La liste est tellement longue…

Troisième fausse-croyance : la prostitution doit être considéré comme un métier comme un autre :

Il y a bien sûr certaines personnes qui ont choisi, sans pression aucune, d’exercer la prostitution. Toutefois, sur le terrain, nous ne pouvons que constater, à la suite de nombreuses études à ce sujet, les traumas et les séquelles que laisse une telle activité. Dédoublement de la personnalité auquel nous sommes confrontés, mais bien sûr aussi la police et la justice, ce qui ne facilite pas l’aide à leur apporter. Car les histoires, sordides, se modifient au gré de l’humeur.. ou devrais-je dire, de leur capacité à supporter ou non l’horreur de leur histoire.

Je n’ai jamais entendu de boulangère ou de caissière avoir besoin d’un spray au poivre pour se protéger sur sa place de travail. Toutes les prostituées, ou presque, ont un moyen de défense, allant du bouton d’alarme quand les salons en sont équipés, au couteau et bien sûr au spray mentionné ci-dessus…

Selon des études, plus de la moitié de ces femmes et hommes ont été abusés sexuellement dans leur enfance ou adolescence. La plupart nous raconte l’absence du père, ou la violence de ce dernier…les rendant des proies faciles. Mais surtout peu sûrs d’eux. Leur corps déjà abusés dans l’enfance n’a plus de valeur. Un de plus ou de moins. Cela ne change rien.

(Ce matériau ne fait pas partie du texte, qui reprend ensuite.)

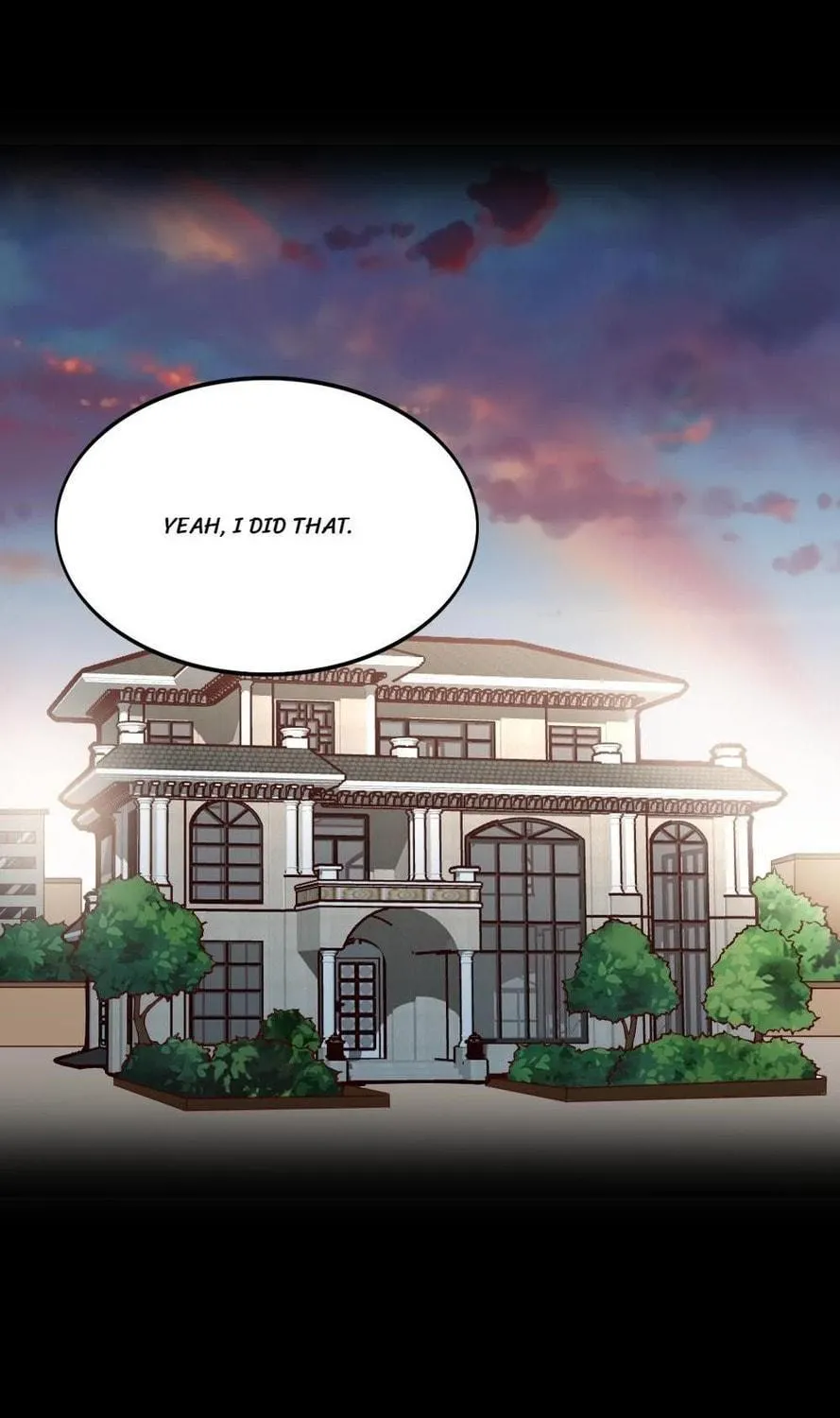 Read Almight Network (Colored) chapter 143 image 19 on Lezhin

Une autre chose qui nous a frappé : le sens de la dignité. La dignité, c’est comme une flamme de vie au fond de nous. Parfois elle est presque inexistante, mourante… mais un seul regard respectueux, une parole réconfortante et compatissante la ranime immédiatement. Et c’est alors qu’un miracle se produit. Une fois que la personne a saisi qu’elle est quelqu’un, elle reprend courage. Elle reprend force. Elle peut à nouveau rêver d’un avenir meilleur. Nous avons vu des miracles, oui !

Une jeune femme obligée de se faire avorter par son « petit copain » a décidé de partir dans son pays pour donner naissance à un magnifique garçon dont elle nous a montrés une photo presque deux ans plus tard. Ce garçon lui a finalement donné la force de quitter la rue et de faire face à l’emprise de son loverboy.

Une autre, après deux ans de rencontres et de discussion avec nous, a quitté le vieillard chez qui elle logeait contre divers services non rémunérés, pour partir dans son pays d’Afrique et y devenir conductrice de taxi !

Des femmes ont été redirigées vers des centres d’hébergement en vue d’une procédure pénale, d’autres ont démarré des formations pour se réinsérer professionnellement…

Et combien d’autres ! Nous les aimons, ces femmes et ces hommes. Il faut les aimer, ces femmes et ces hommes. Ils n’ont pour la plupart pas choisi cette vie. Ce sont des victimes de criminels, des victimes des guerres, de la pauvreté et de l’ignorance.

Qui viendra à leur secours ? Qui entendra leurs cris de douleurs ? Qui ?

Nous devons changer notre façon de voir les choses. Ne soyons plus complices de ce crime qui se passe sous nos yeux. Nous devons agir pour que ces personnes retrouvent une dignité volée.